Collecting = Looting?
From The Celator, September 2003
Wayne G. Sayles, "Through the Looking Glass" |
September 01, 2003
In the August 2nd edition of the New York Times, a piece by Martin Gottlieb and Barry Meier examined the question of ethics in the antiquities trade and of scholarly institutions that have dealings with the trade. Specifically, the article was critical of the Metropolitan Museum in New York City for placing unprovenanced items on display—but it was really just another tired rendition of the same story that we have heard for the past 20 years from the hierarchy of the Archaeological Institute of America (AIA).
If the AIA had its way, no museum would accession artifacts from any source other than a formal archaeological dig.
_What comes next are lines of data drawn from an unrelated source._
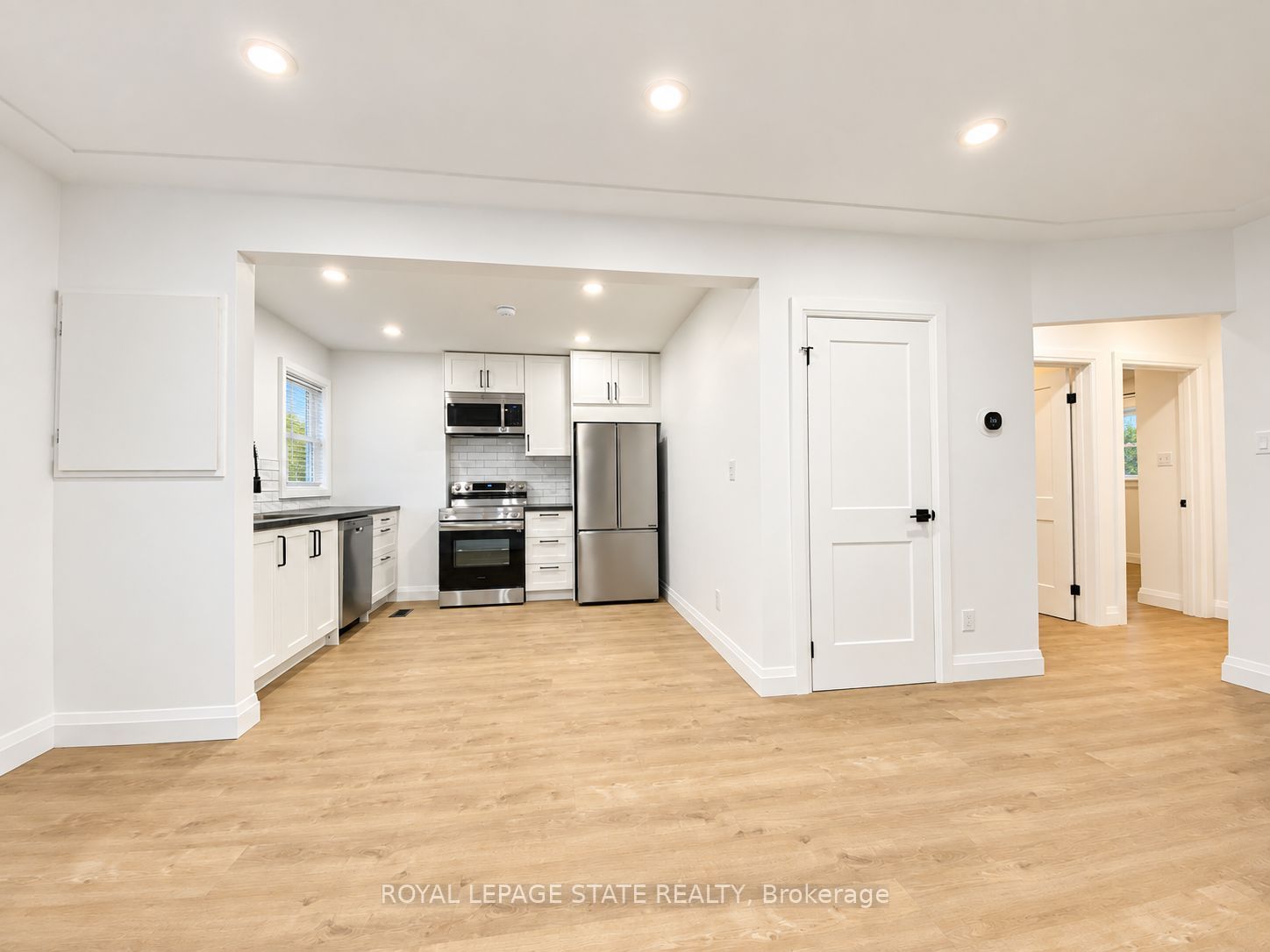 24 Sandalwood Avenue Upper, Hamilton, ON L8T 2E3 photo 4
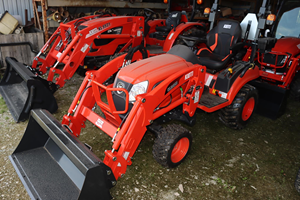รถแทรกเตอร์ขนาดเล็ก KIOTI CX2510 CS2520 ขับเคลื่อน 4 ล้อ รุ่นใหม่และมือสอง ขายดี – รถแทรกเตอร์สำหรับฟาร์มขนาดเล็ก - Product Image 2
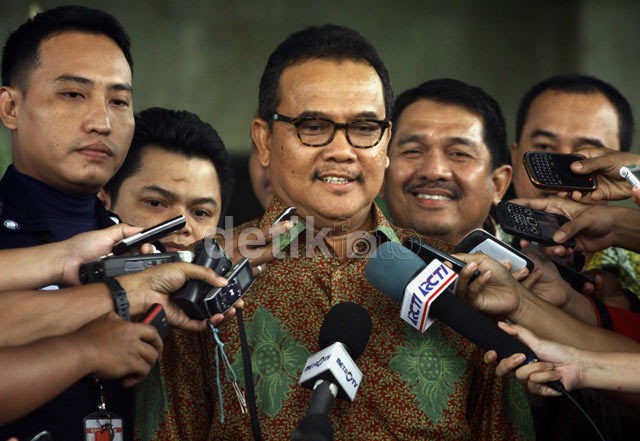 Ical: Rusli Zainal Belum Tentu Bersalah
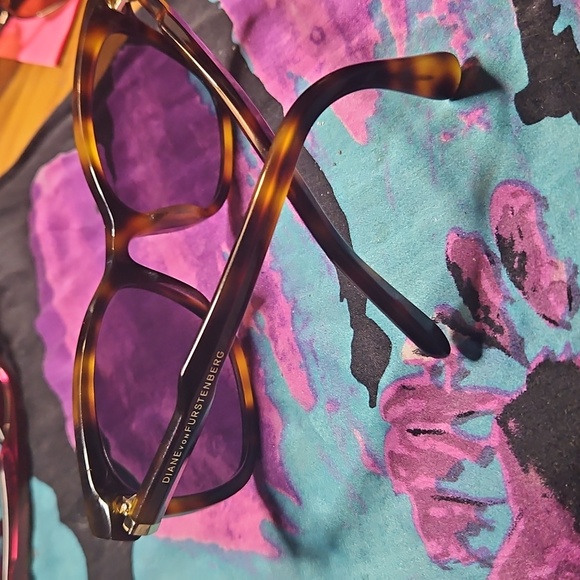 DIANE von FURSTENBURG FRAMES - Picture 8 of 12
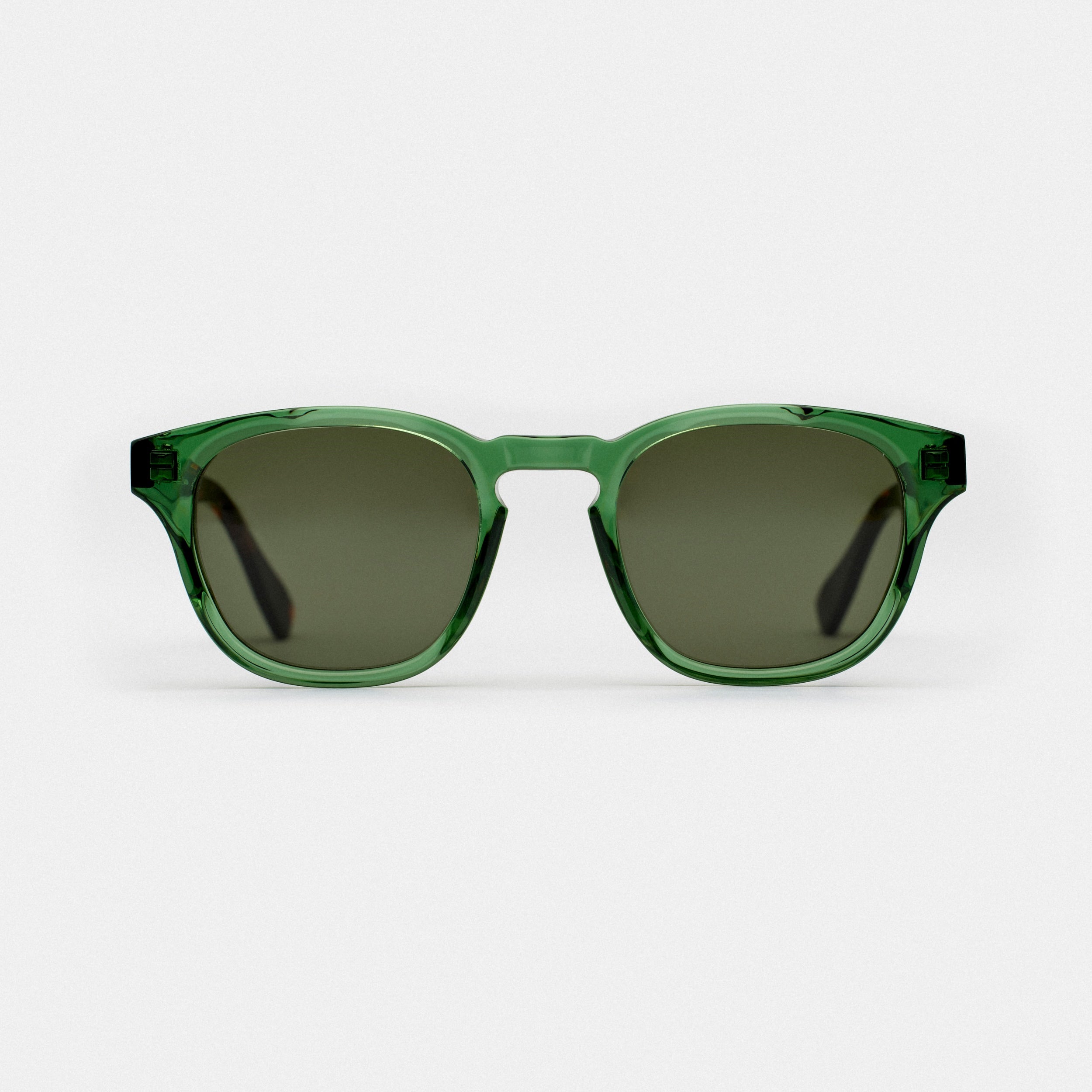 "Optez pour un style élégant avec ces lunettes de soleil en cristal vert pour femme ou homme. Avec leur monture transparente en cristal et leur teinte de verre verte subtile, ces lunettes sauront vous offrir un look sophistiqué tout en vous protégeant efficacement contre les rayons UV. Découvrez notre sélection de lunettes de soleil pour femmes et pour hommes sur notre site internet et trouvez la paire qui vous convient pour un été haut en couleur et en style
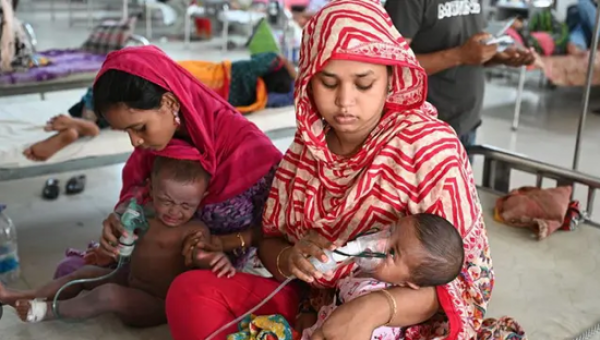 হাম রোগে আক্রান্ত হয়ে হাসপাতালে শিশুরা ভর্তি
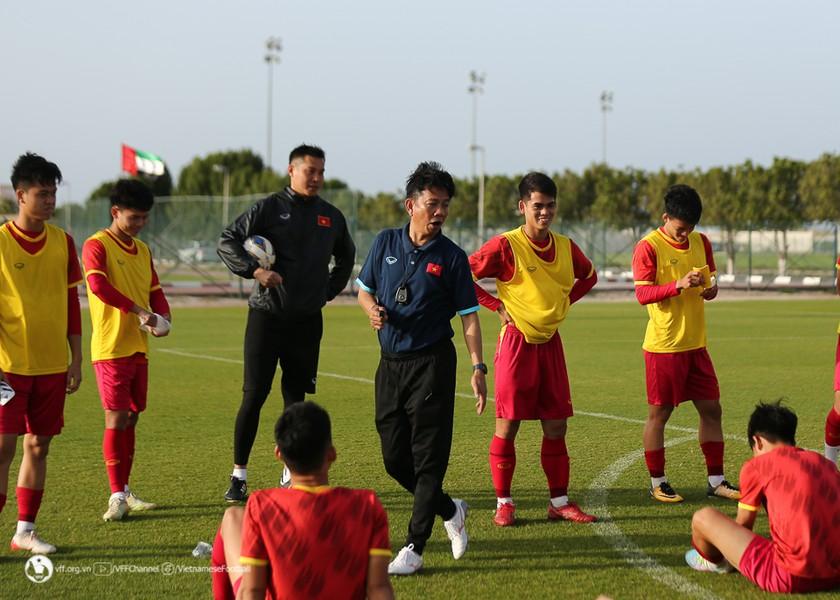 U20 Việt Nam thua Dubai City FC 0-1 trong trận “tổng duyệt” ảnh 2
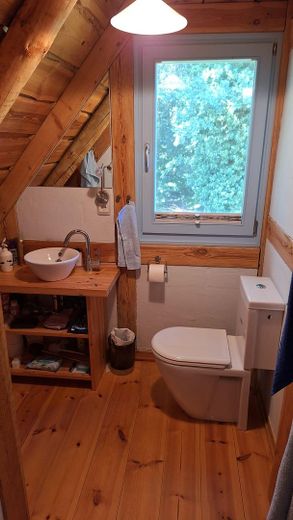 Bootshaus/ Wochenendhaus/Wassergrundstück – Bad oben 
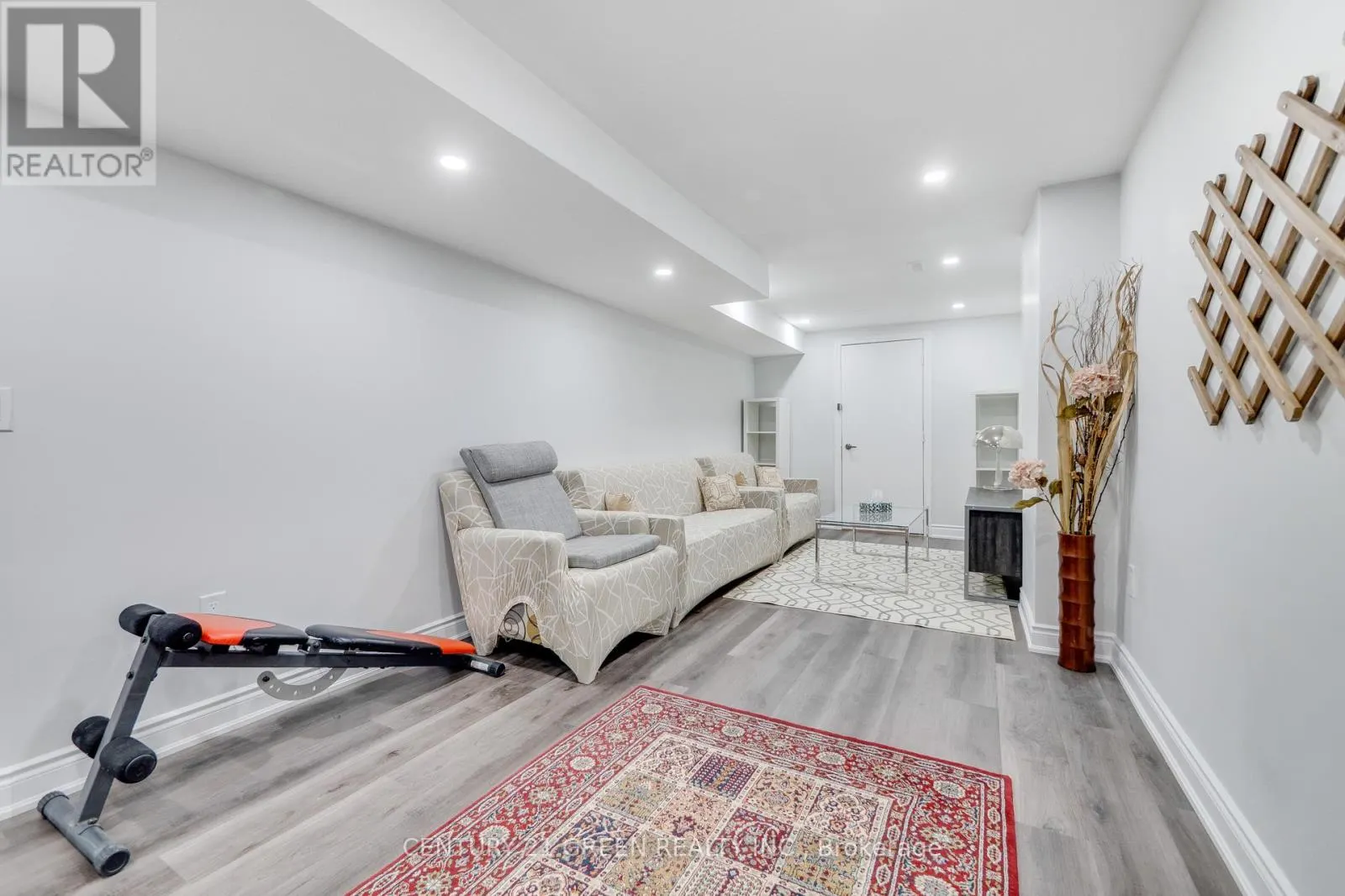 3873 BRINWOOD GATE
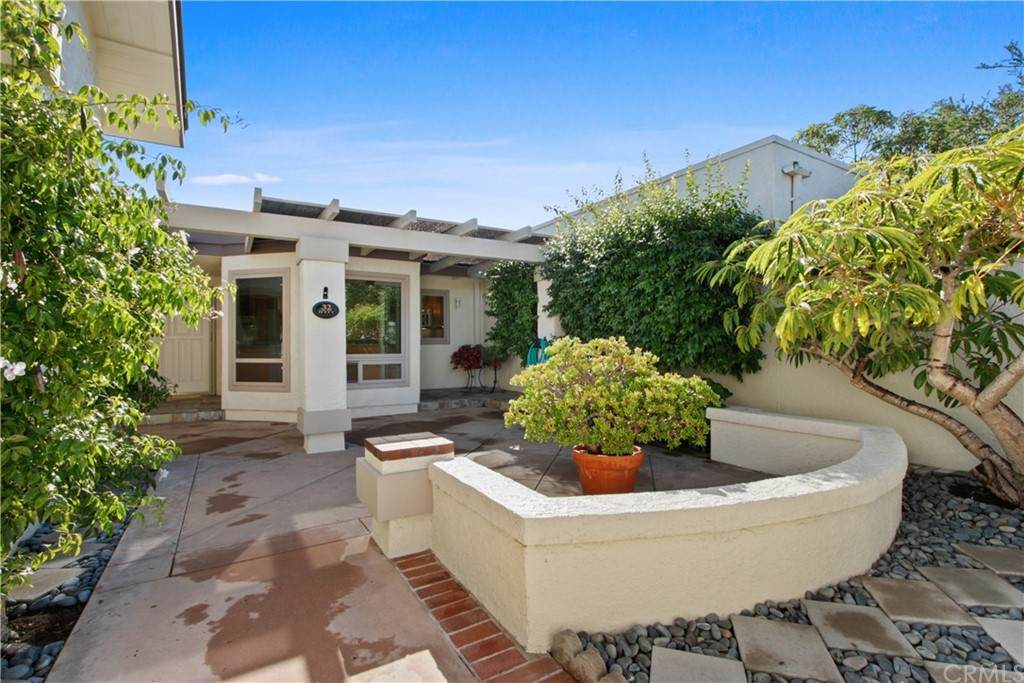 32 Jetty Drive - Photo 1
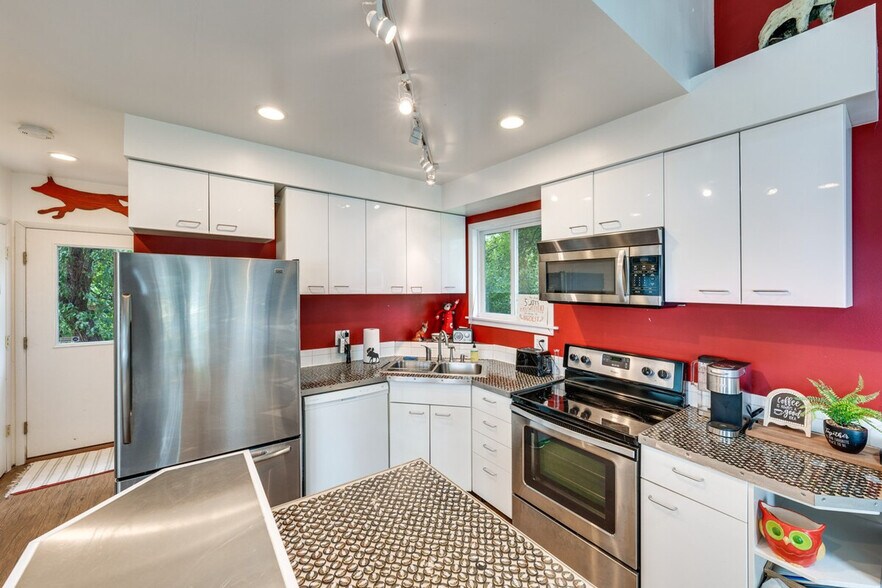 Building Photo - 35831 N Cedar Is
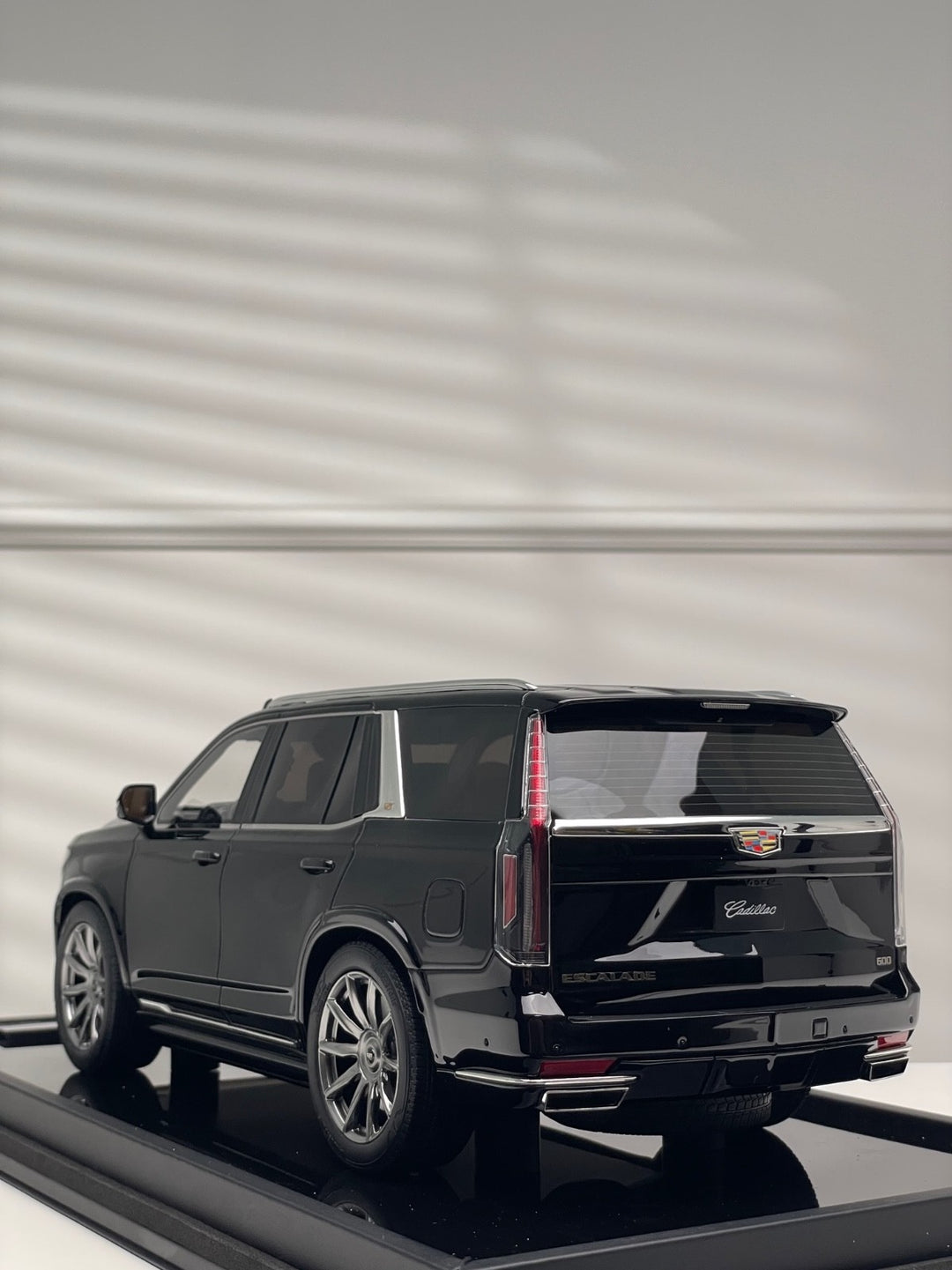 Cadillac Escalade (Black) [Motorhelix] 1/18 scale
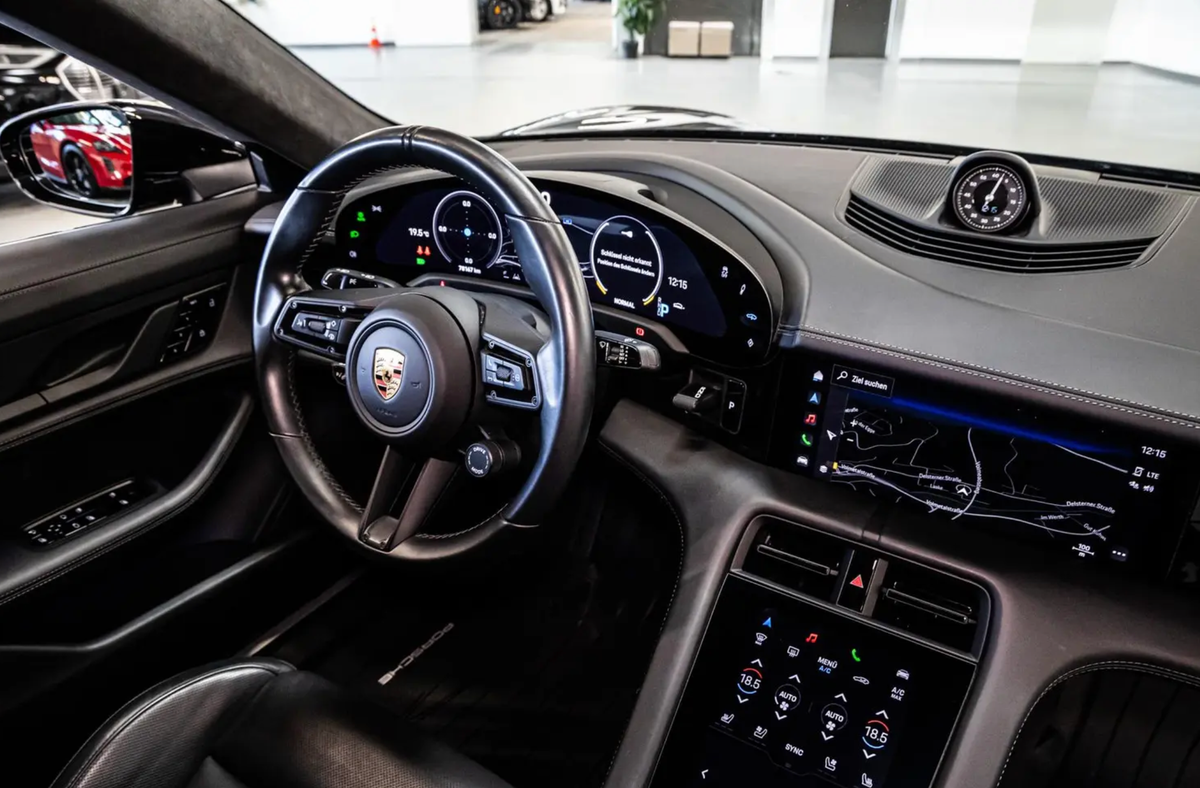 Porsche Taycan 680ch Turbo/Bose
They condemn the trade in antiquities (including coins) and characterize private owners of ancient artifacts as being in a league with the devil. Lord Colin Renfrew, an archaeologist at Cambridge University, is quoted in the article as saying “Collectors who buy unprovenanced pieces form themselves as part of the looting process.” AIA leadership warns professional archaeologists not to have anything to do with collectors, dealers or objects that are not from AIA recognized digs. Those who fail to heed these warnings are subject to excommunication.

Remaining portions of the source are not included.